Next Generation Hardware Speculation with a Technical Spin [2018]

Status
Not open for further replies.
We all know a CU is composed of 64 shader cores. But how many for a small CU?
If it is composed of 6 shader cores, then a GPU with 52 CU+52 SCU would give us 3640 shader cores.
The "full CU" in that patent application has "simple" ALUs with 4 times the execution units of the "full" ALUs (4 'full' vs 16 'simple'); they do not disclose the ratio for the "small CU".

If you consider divisors of 3640, every combination is further divisible by 5, which makes possible the following configurations of CU blocks and full/simple ALUs:

104 × 35 (7:28), 52 × 70 (14:56), 26 × 140 (28:112), 13 × 280 (56:124),
91 × 40 (8:32), 182× 20 (4:16), etc
56 × 65 (13:52), 28 × 130 (26:104), 14 × 260 (52:208), etc

I think we loose more opportunities of software and hardware evolution by adopting Nvidia's paradigm than we win.
Bounding Volume Hierarchy is essentially a tree of bounding boxes - how much "research and experimentation" you need for a data structure that contains 2 memory pointers and 8 XYZ coordinates?

Yes, Nvidia's subdivision algorithm is proprietary and tied to their fixed function hardware, but what would be the use of letting the developers full control of the parameters, other that possibly stalling the BVH traversal hardware?

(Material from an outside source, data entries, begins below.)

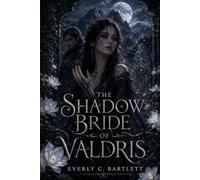 The Shadow Bride of Valdris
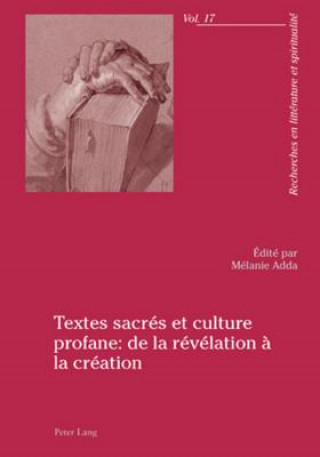 Textes Sacres Et Culture Profane: de la Revelation A La Creation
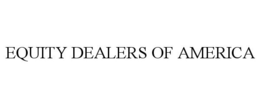 EQUITY DEALERS OF AMERICA trademark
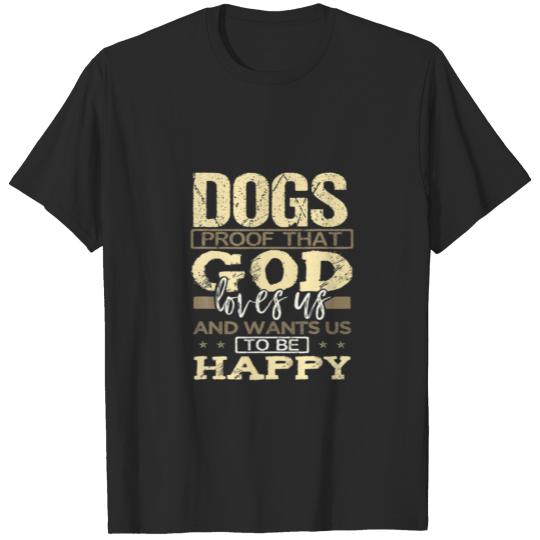 Discover Dogs Proof God Loves Us Wants Us Happy Dog Lover T-shirt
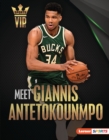 Meet Giannis Antetokounmpo : Milwaukee Bucks Superstar - eBook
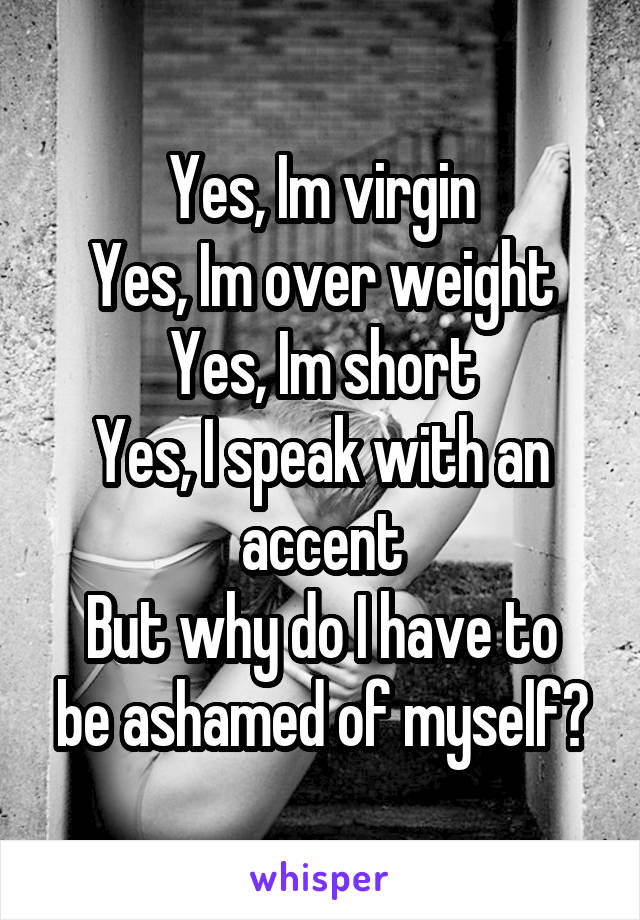 Yes, Im virgin
Yes, Im over weight
Yes, Im short
Yes, I speak with an accent
But why do I have to be ashamed of myself?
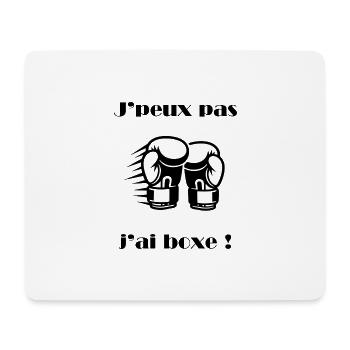 I can't I boxed! – Combat sports humor - Mouse Pad (horizontal) - white - Front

NVidia's been doing their homework on BVH (see for example these four research papers), and if you really need your own structure, there are 3rd party OpenCL libraries.
 
Last edited:
an ARM based console with a good gpu would be interesting to see
It would take at least Snapdragon 8180 / SDM1000, and probably several more generations, until ARM chips could be considered for real game consoles (i.e. those that do not stick to 40 years old platformer games in a handheld form factor).

The days of, it looks too good to be fake are looooong gone.
As you said, people even make up physical mock ups also now.
If it's fake, whoever made it should be immediately hired by Nintendo.
 
Last edited:
Bounding Volume Hierarchy is essentially a tree of bounding boxes - how much "research and experimentation" you need for a data structure that contains 2 memory pointers and 8 XYZ coordinates?

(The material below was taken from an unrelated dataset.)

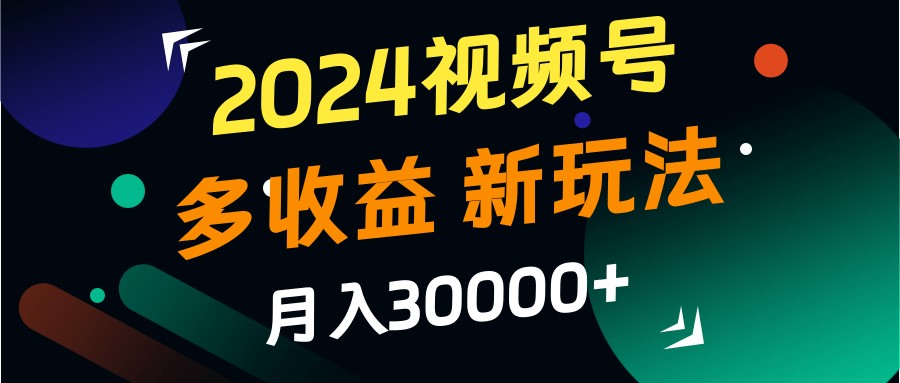 2024视频号多收益的新玩法，月入3w+，新手小白都能简单上手！-必智轻创社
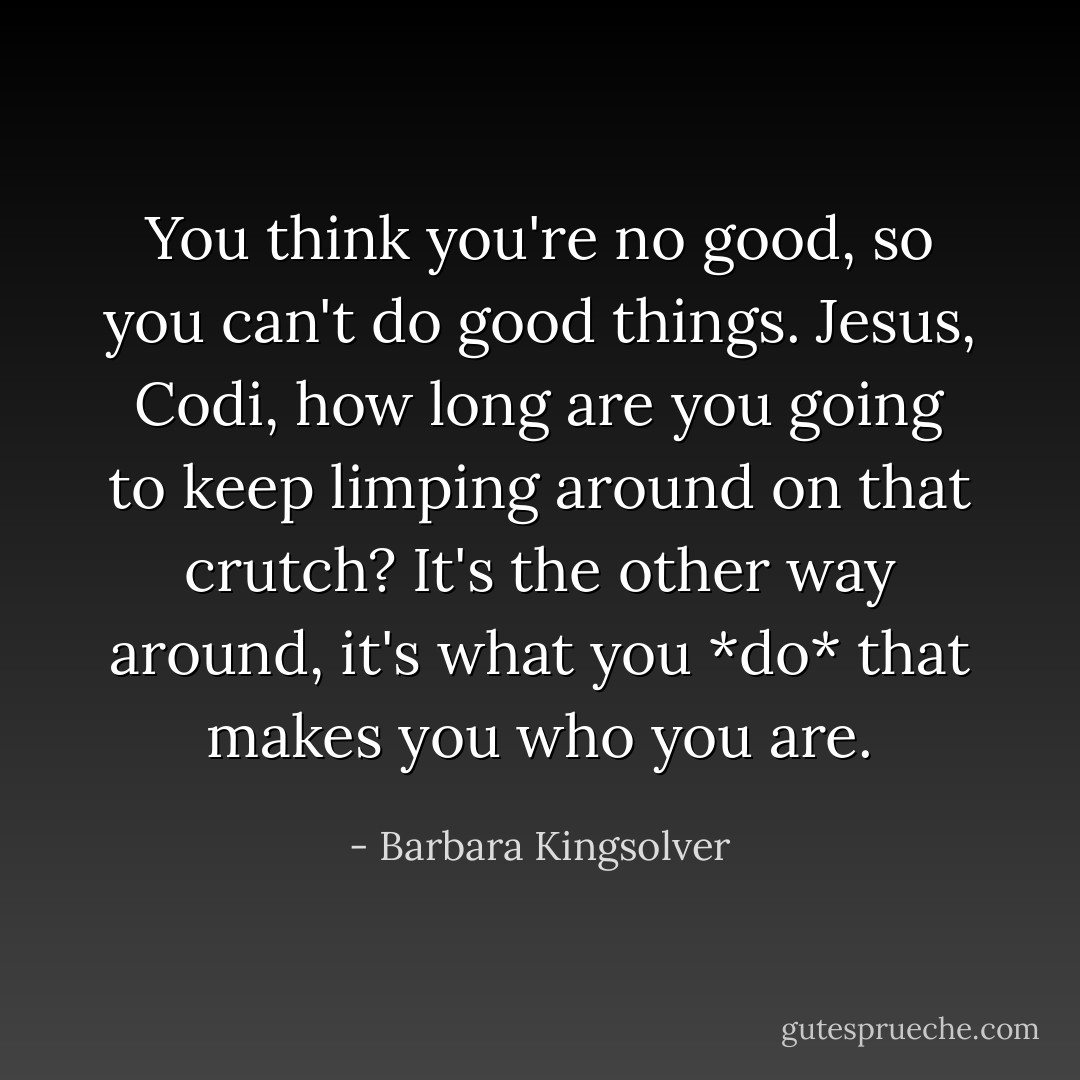 You think you're no good, so you can't do good things. Jesus, Codi, how long are you going to keep limping around on that crutch? It's the other way around, it's what you *do* that makes you who you are. - Barbara Kingsolver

Yes, Nvidia's subdivision algorithm is proprietary and tied to their fixed function hardware, but what would be the use of letting the developers full control of the parameters, other that possibly stalling the BVH traversal hardware? NVidia's been doing their homework on BVH (see for example

Every major computer algorithm is essentially very simple in concept. All elegance and simplicity go to hell when it comes to implementing with maximum performance, like game engines do.
One can potentially create a BVH with a shallow tree sith more branches per node, or a very tall tree with few branches per node. If you have special information about the kinds of meshes you are using, you can use different strategies for different parts of the tree. Or one may also potentially find it better for certain use cases to have multiple different trees for different kind of objects.
Specially when you remember games are not gonna be above sacrificing quality for performance. Unlike in CG, they will experiment much more, and be more aggressive with simplified tracing. Tracing shorter rays, leaking them into cubemaps after a certain lenght maybe, using different lods on the actual Rays, maybe using progressively lowe level LODs for every bounce, or for as the Ray gets longer, or both. Ignore certain objects for certain rays, but not for others.
For example: The engine can use much simpler geometry for reflection Rays of rough surfaces (blurry, reflection) and that performance gain may be used for more rays on that surface (which is more necessary in rough surfaces to reduce noise). Is a generic BVH optimal for that? Are there other clever ways to organize your data that could favor such tricks, that would ultimately improve quality and be more performant?
Also consider the different realities of different games. Some games are strictly 2.5D, others are top-down RTS, other have very little verticality (racing Sims) others have a lot of empty space (space combat). There is no way different space particioning schemes can't be more efficient for these vastly different constraints.
And again, there is the question of maybe reutilizing the same BVH structure you use for Ray tracing to accelerate other things, like collision detection (not Ray based), which I'm not sure can be done under Nvidia's scheme.
I want to let devs experiment with that stuff. See what they find out. Nothing in actual game development is ever as simple as the text-book definition of the algorithm.
 
Last edited:
I can also forsee a world in which devs are preemptively adjusting their design decisions to fit the kind of workload the specific way consoles end up constructing their BVH in their black-box likes. They always do that sort of thing. They reverse engineering how the black box works, at least to some extent, and the. that one GPU little characteristic ends up shaping a bunch of other stuff all throughout the engine. It's not the most creativity and innovation empowering way of going forward. I prefer that consoles end up with architectures that allow more varied experimentation, it makes things evolve faster, and that benefits the whole industry and it's consumers.
 
It feels like the entire discussion around RayTracing and BVH should be moved out into the Graphics > Rendering Technology and APIs forum as I don't see any of it having anything to do with "Next Generation Hardware Speculation".
I sort of agree. I am trying to maintain it within the boundaries of why I think nvidia's route of BVH acceleration could be negative for a next gen console. But I also agree it is maybe more about Ray tracing than about consoles.
 
Thanks. Can the be seen in die shots? Do you think it's just extra cache for the hardware side and/all the zen chips being capable of SMT through firmwares?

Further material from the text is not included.